### TRY IT
What are the lines from the one with "Greubel Forsey｜Nano Foudroyante" through the end of the records below, written out exactly and without the pictures?

------------------------------------------------------------

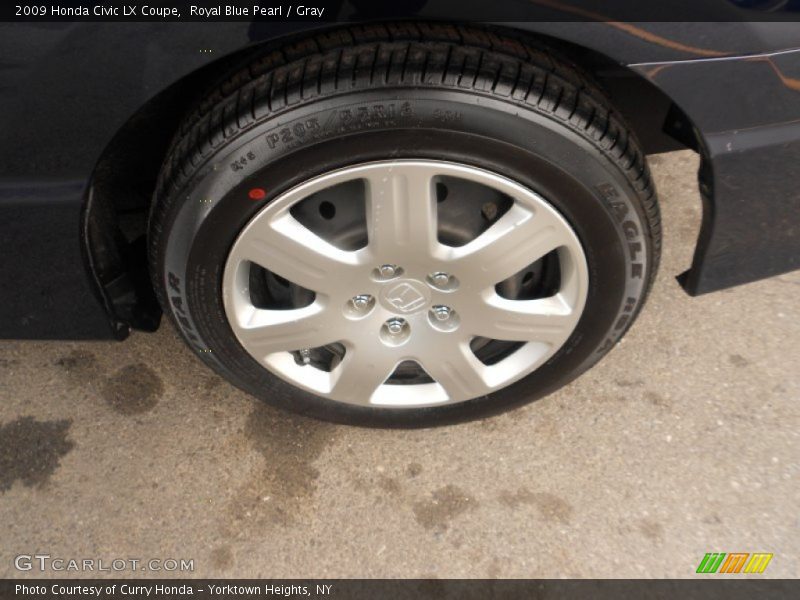 Royal Blue Pearl / Gray 2009 Honda Civic LX Coupe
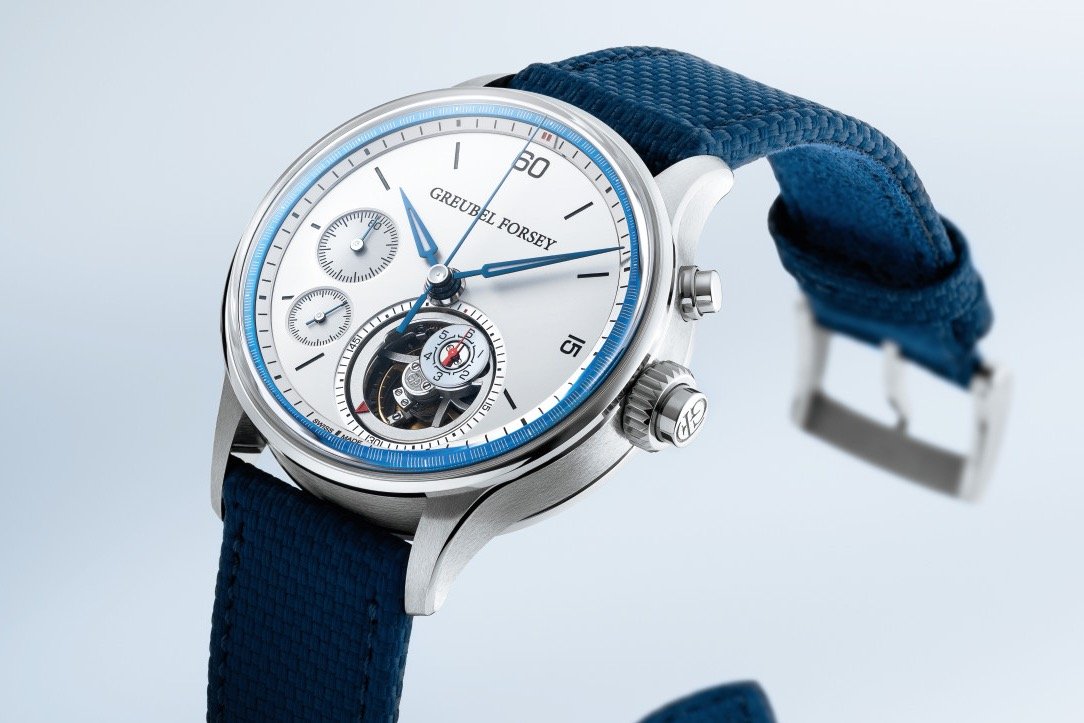 Greubel Forsey｜Nano Foudroyante White Gold 閃電跳秒錶白金版登場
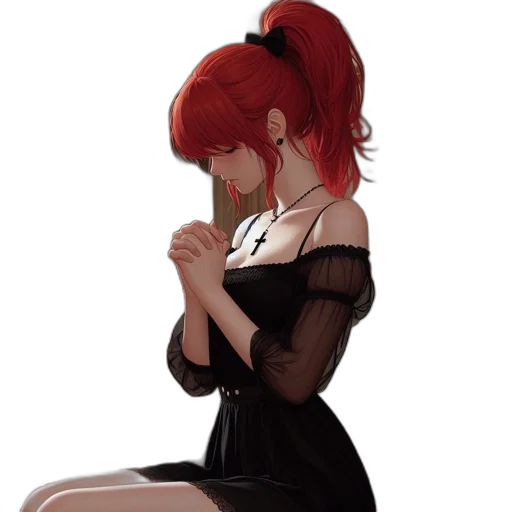 dress, jacket, staff, crown transparent PNG cut-out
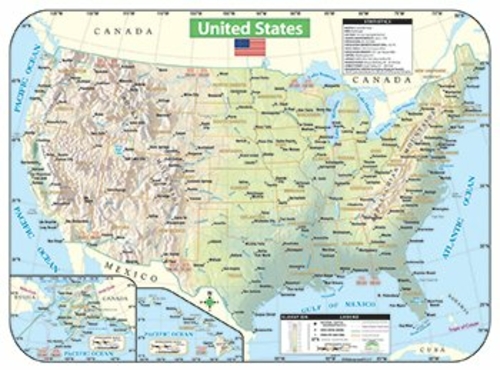 United States Shaded Relief Map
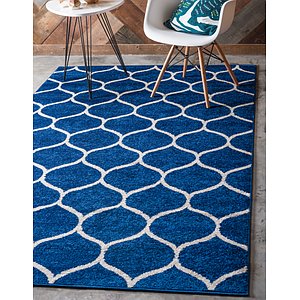 8' x 10' Trellis Frieze Rug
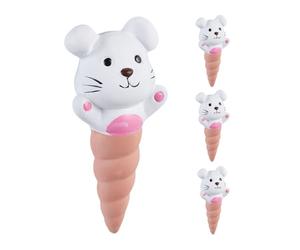 Relaxdays Set of 4 Clay Cone Bunny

------------------------------------------------------------

### ANSWER TO THIS EXERCISE
 Greubel Forsey｜Nano Foudroyante White Gold 閃電跳秒錶白金版登場
 dress, jacket, staff, crown transparent PNG cut-out
 United States Shaded Relief Map
 8' x 10' Trellis Frieze Rug
 Relaxdays Set of 4 Clay Cone Bunny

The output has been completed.